### EXERCISE
Please output the listing that follows exactly, but keep all images out.

### SUPPLIED MATERIAL
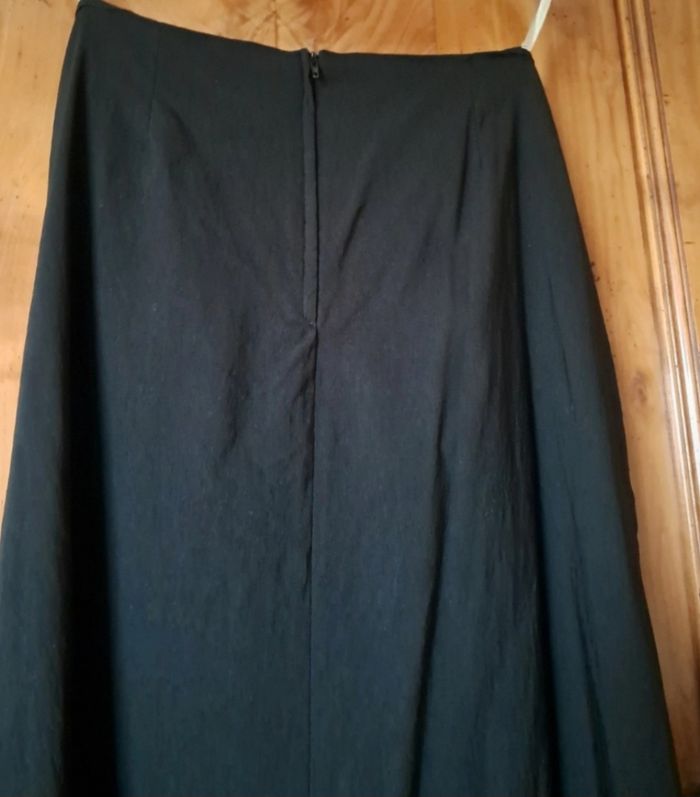 Jupe longue noire NEUVE taille 44 - photo numéro 4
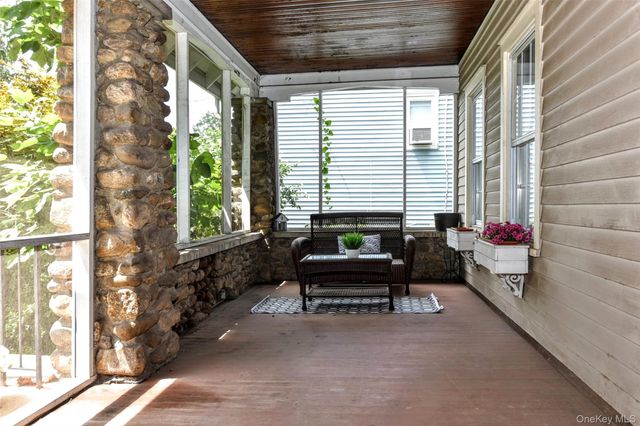 127 Hunt Avenue, Pearl River, NY 10965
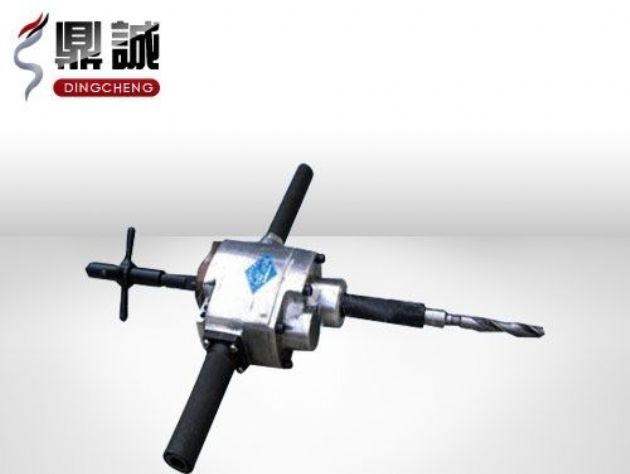 點擊查看詳細信息<br>標題：ZK19型軌道鉆 閱讀次數：3797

### THE COMPLETED TASK
 Jupe longue noire NEUVE taille 44 - photo numéro 4
 127 Hunt Avenue, Pearl River, NY 10965
 點擊查看詳細信息<br>標題：ZK19型軌道鉆 閱讀次數：3797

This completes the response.